Он глянул на Юру добрыми глазами, добавил:
— Молочка, парень, нэма. Матрене отдали детей кормить.
И, обращаясь ко всем, развернул принесенный ранее узел.
— Одежа тут ваша. Бабка заштопала, погладила…
Переодевшись и подкрепившись едой, все снова залезли на сеновал и с удовольствием растянулись на сене. Юра тут же уснул. Проснулся, когда Бондаренко тронул его за плечо:
— Вставай, сынок, пора. Стемнело уже.
Юре никак не хотелось вставать. Хотелось еще поспать, полежать в тепле, но только не выходить на этот холодный ветер, в эту грязь, тащиться в темноте неизвестно куда.
— Вы уж меня не того, сами понимаете! А до леса провожу и по какой дорожке, путь укажу.
Вышли на улицу. Было ветрено, сыро, темно. Юра поежился от холода и зевнул. Тянуло в тепло, ко сну. Бондаренко понимал его состояние, обнял за плечи и сказал:
— Крепись, пионер. Главное, мы на свободе!
— Я не пионер, — поправил Юра. — Меня еще не приняли.
Бондаренко сказал уверенно, торжественно:
— Как не пионер? Пионер! Считай, что мы тебя приняли. Верно, Никола?
— Конечно, — подтвердил Прохоров.
А Бондаренко продолжал:
— Как считаешь, отец, после всего, что было, заслужил он пионерское звание или нет?
— Заслужил, — одобрил дед. — Такое выдержал, что с чистой душой может галстук носить. Жаль, под рукой ног.
— Есть! — воскликнул Юра. — Вот он!
Дед не поверил и, удивленный, разглядывал в полумраке красный шелк галстука.

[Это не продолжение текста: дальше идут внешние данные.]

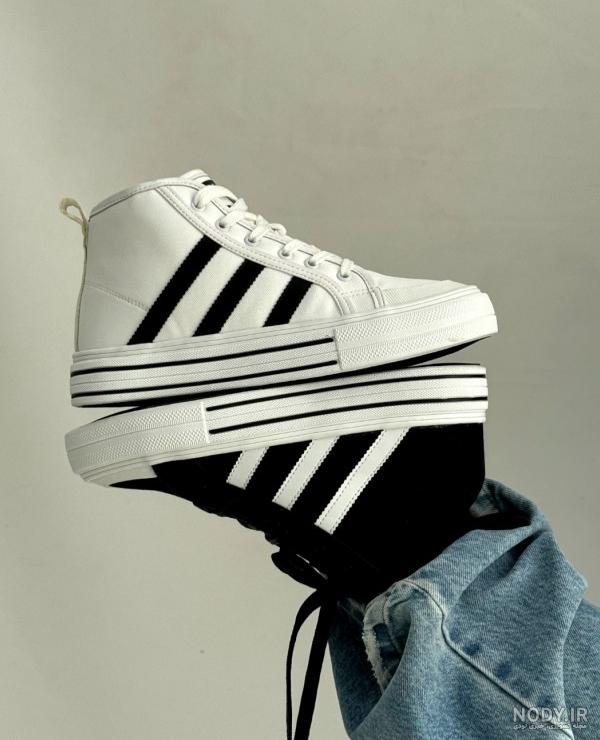 خرید و قیمت کتانی دخترانه ساقدار آدیداس ADIDAS لاکچری اسپرت | ترب خرید و قیمت کتانی دخترانه ساقدار آدیداس ADIDAS لاکچری اسپرت | ترب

На душе у Юры пели соловьи. Он испытывал настоящее счастье. Пусть это не пионерская линейка, где принимают в пионеры, но дядя Ваня коммунист, ему можно верить. Он был готов перенести новые испытания, преодолеть новые трудности. Он должен быть настоящим пионером, он будет им! Не знал счастливый мальчик, что судьба уготовила ему новые беды, что впереди у него не будет волнующего радостью детства.